No one was reported injured and no arrests were immediately made.
Mayo normally has a school resource officer on duty, supplied by the Darlington Police Department, but an SRO was not on duty that day because of staffing problems, Washington said in a news conference Friday.
“The children at that school at no point were ever in (danger of) any harm,” Washington said. “In fact, when this call came out, there was an officer about half a block away from the school.”
“We wanted to reassure the parents and the members of the Darlington community that school, as well as all of our schools, are safe, and the children are safe,” Washington said. “ … We want to make sure we clear the air on that. At no point during that incident was the school in danger. At no point during that incident were the children in danger of any harm.”

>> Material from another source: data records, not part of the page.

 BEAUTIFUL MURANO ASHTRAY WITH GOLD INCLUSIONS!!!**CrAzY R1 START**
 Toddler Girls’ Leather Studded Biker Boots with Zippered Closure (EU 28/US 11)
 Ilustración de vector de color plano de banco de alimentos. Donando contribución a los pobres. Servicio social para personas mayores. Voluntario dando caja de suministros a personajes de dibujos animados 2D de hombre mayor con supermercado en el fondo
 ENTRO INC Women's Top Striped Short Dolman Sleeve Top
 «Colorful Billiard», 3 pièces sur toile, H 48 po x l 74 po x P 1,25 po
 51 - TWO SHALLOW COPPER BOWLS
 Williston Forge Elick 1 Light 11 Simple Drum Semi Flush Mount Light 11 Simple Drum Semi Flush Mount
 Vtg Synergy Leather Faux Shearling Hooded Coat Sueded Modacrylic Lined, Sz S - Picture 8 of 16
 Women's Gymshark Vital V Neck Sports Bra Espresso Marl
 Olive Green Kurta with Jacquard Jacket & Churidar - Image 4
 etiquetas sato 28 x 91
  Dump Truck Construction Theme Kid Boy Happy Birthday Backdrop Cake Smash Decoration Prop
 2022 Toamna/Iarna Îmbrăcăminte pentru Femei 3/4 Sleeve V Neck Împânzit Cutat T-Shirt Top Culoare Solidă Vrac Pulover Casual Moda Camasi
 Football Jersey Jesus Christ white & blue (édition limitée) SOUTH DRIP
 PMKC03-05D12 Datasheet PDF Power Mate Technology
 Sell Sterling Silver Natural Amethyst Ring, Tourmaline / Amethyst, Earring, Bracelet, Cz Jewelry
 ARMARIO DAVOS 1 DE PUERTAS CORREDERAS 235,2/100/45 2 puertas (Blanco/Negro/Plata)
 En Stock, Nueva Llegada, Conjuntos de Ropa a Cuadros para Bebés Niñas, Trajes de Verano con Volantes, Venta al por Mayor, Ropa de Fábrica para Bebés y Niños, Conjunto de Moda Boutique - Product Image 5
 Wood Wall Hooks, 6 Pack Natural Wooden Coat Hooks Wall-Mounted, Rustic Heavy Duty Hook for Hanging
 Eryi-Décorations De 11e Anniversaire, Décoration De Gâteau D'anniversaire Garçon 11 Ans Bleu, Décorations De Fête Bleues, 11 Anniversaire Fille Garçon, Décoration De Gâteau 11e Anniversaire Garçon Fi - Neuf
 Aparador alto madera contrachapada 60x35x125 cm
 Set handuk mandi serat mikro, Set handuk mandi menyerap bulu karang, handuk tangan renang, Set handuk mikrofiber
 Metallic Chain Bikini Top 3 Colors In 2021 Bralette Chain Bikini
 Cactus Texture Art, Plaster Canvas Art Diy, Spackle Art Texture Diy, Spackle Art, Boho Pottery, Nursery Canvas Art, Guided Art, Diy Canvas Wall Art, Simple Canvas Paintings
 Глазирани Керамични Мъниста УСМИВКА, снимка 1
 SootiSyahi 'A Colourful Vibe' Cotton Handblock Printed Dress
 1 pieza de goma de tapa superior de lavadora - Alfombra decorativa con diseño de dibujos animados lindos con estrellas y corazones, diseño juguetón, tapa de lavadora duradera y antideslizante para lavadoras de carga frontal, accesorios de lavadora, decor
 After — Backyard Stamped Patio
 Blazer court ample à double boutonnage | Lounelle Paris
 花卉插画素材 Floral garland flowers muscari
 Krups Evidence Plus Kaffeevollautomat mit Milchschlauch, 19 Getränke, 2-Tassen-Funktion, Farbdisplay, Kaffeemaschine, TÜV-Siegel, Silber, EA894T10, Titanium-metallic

Asked if anything did not get done as it should have been because there was no SRO that day, Washington said no. “Every single thing that was supposed to be done was done, and the same things would have occurred had an SRO been there.”
He said that if the department is unable to have an SRO on duty as usual, the other officers know that, and they keep an eye out for that school. He said that’s why an officer was less than a block from Mayo when the “shots fired” call went out.
Typically, Mayo is a trouble-free school, Washington said. It’s a magnet school, and “the students at Mayo are the high academic achievers within the Darlington County School District. Those are kids that are not troublemakers. You’re not going to have problems over at that school.”
Washington said staffing problems are an issue for virtually every law-enforcement agency in the country. “Right here in South Carolina, we have anywhere from 4,000 to 5,000 police vacancies,” he said. The reasons usually come down to high risk and relatively low pay.
The chief said he and his staff were working to make sure “we have a presence” at Mayo for the rest of the school year.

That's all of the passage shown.